__About this exercise__: Set down each line of the data exactly, but not the pictures.

__Records for this task__:
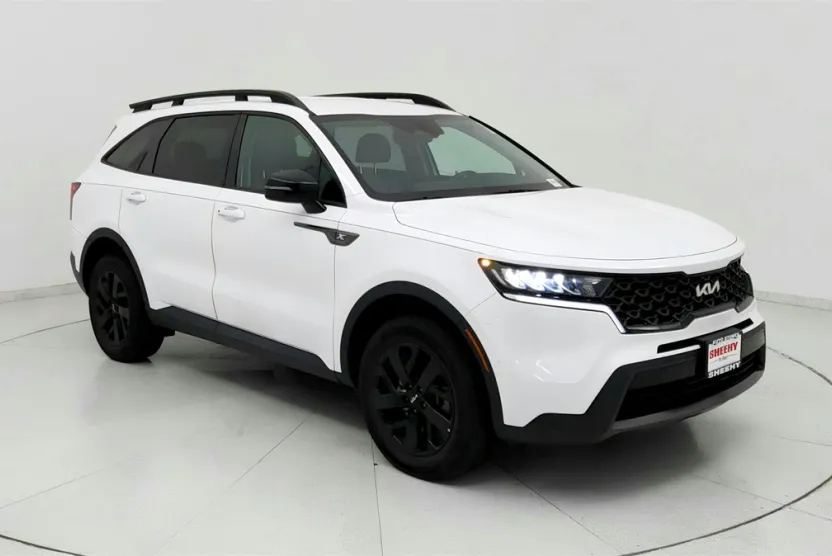 2022 Kia Sorento S photo 1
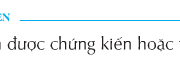 Soạn bài Kể chuyện: Kể chuyện được chứng kiến hoặc tham gia – Tuần 6 – Học sinh tự chọn lấy câu chuyện để kể sao cho đúng với yêu cầu của tiết học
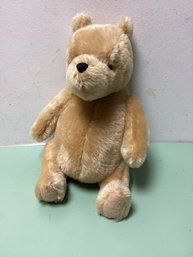 Vintage Gund Walt Disney's Classic Pooh Plush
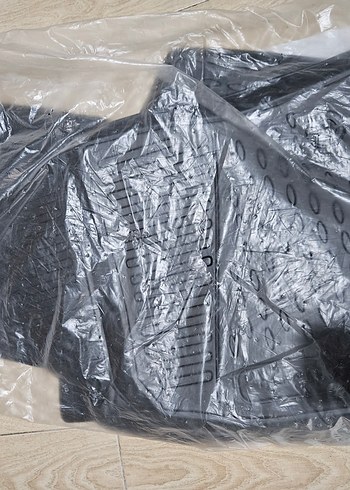 Orjinal Volkswagen Polo Paspas - Görsel 2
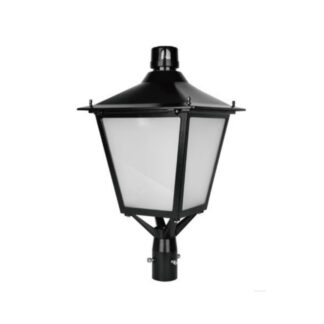Yaorong, 60W-50W-30W Selectable; 5000K-4000K-3000K Selectable; AC120-277V input ; Twist Lock Photocell; 3'' Tenon; Type V, DLC 5.1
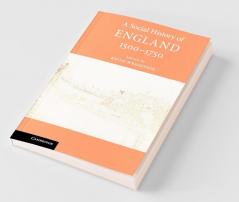A Social History of England 1500-1750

__Exercise result__:
 2022 Kia Sorento S photo 1
 Soạn bài Kể chuyện: Kể chuyện được chứng kiến hoặc tham gia – Tuần 6 – Học sinh tự chọn lấy câu chuyện để kể sao cho đúng với yêu cầu của tiết học
 Vintage Gund Walt Disney's Classic Pooh Plush
 Orjinal Volkswagen Polo Paspas - Görsel 2
Yaorong, 60W-50W-30W Selectable; 5000K-4000K-3000K Selectable; AC120-277V input ; Twist Lock Photocell; 3'' Tenon; Type V, DLC 5.1
A Social History of England 1500-1750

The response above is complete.